→ The task:
Exactly as written, retype the listing below, omitting the pictures.

→ Data block:
* * * *
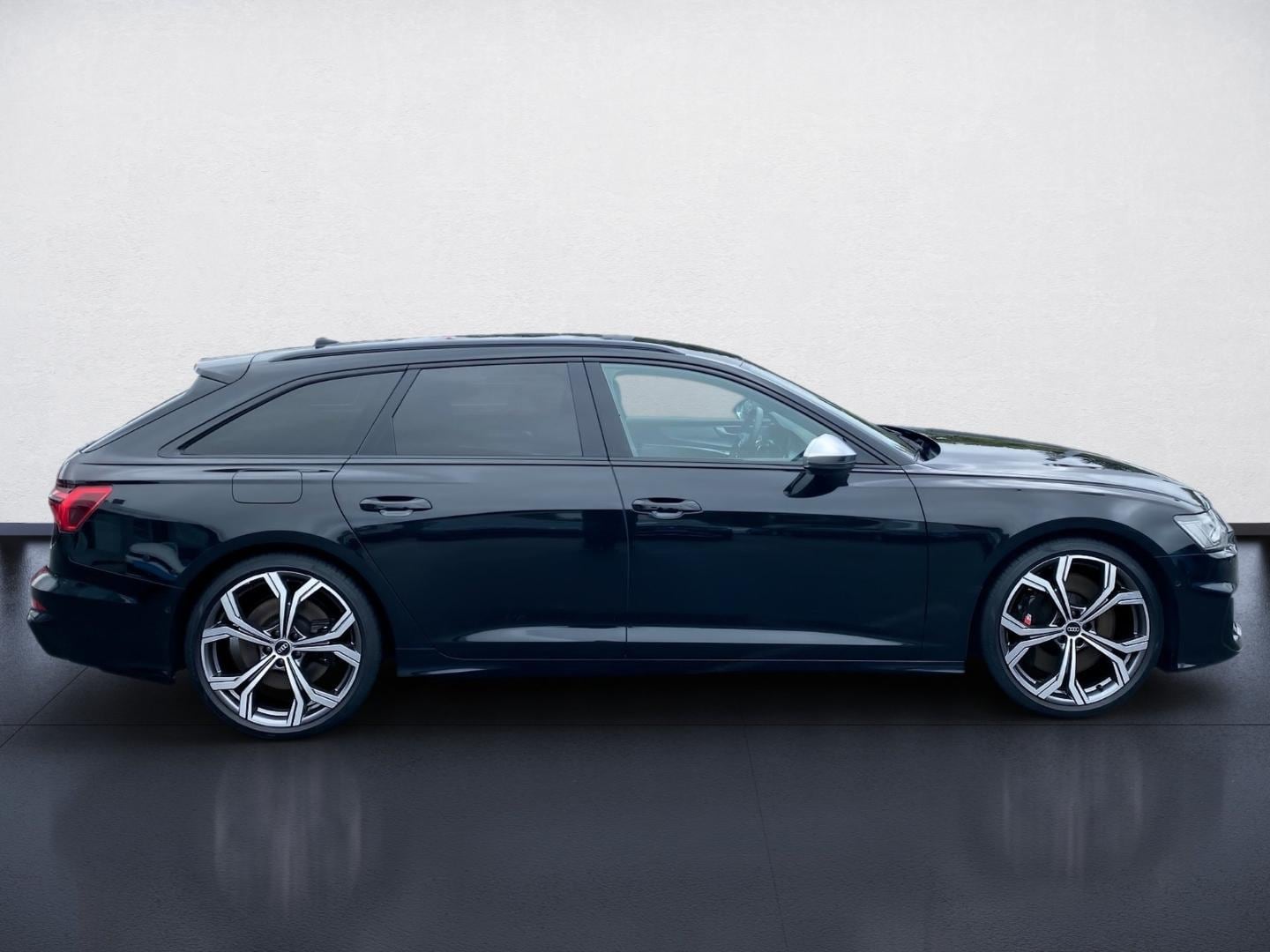 Bild über Audi S6 Avant S6 Avant TDI 253(344) kW(PS) tiptronic - für weitere Informationen kontaktieren Sie den Audi Partner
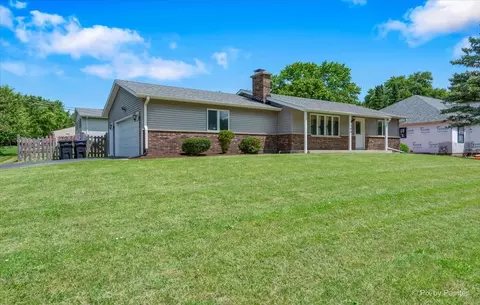 1306 May Ave, Mchenry, IL 60051 photo 3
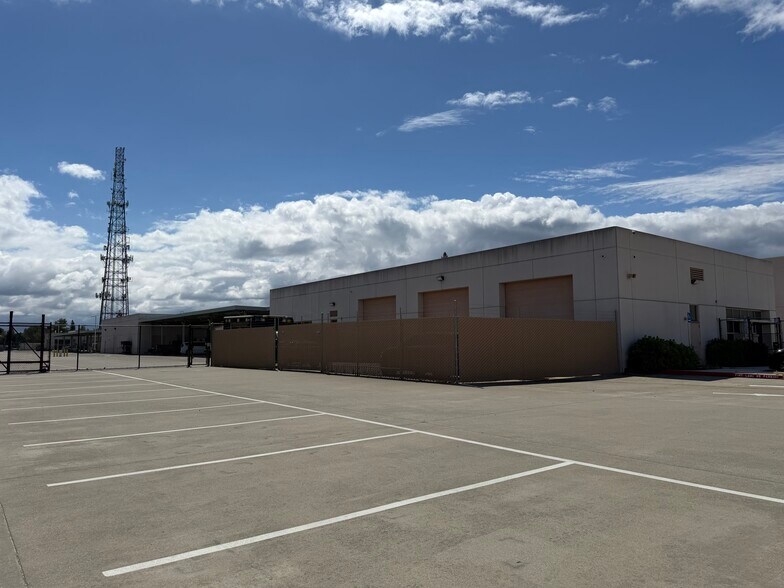 8150 Industrial Ave, Roseville, CA à louer - Photo de l’immeuble – Image 1 sur 5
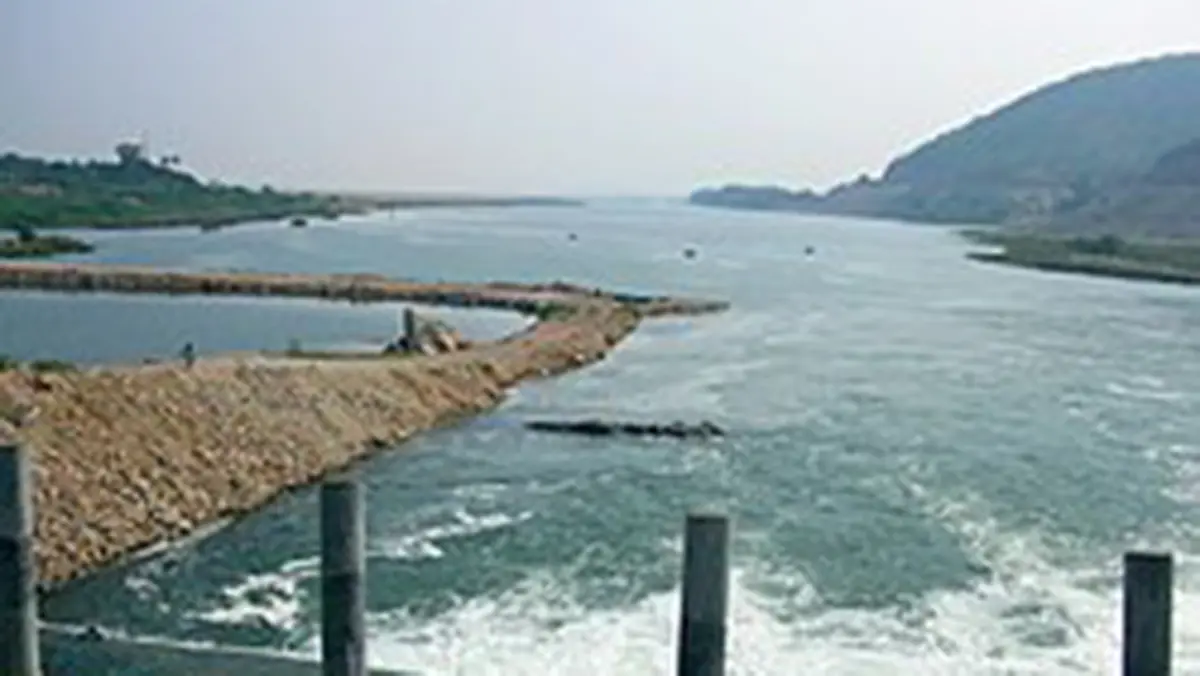 Unusual Flow of the Pennar River Ahead of the Monsoon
* * * *
→ Task result:
 Bild über Audi S6 Avant S6 Avant TDI 253(344) kW(PS) tiptronic - für weitere Informationen kontaktieren Sie den Audi Partner
 1306 May Ave, Mchenry, IL 60051 photo 3
 8150 Industrial Ave, Roseville, CA à louer - Photo de l’immeuble – Image 1 sur 5
 Unusual Flow of the Pennar River Ahead of the Monsoon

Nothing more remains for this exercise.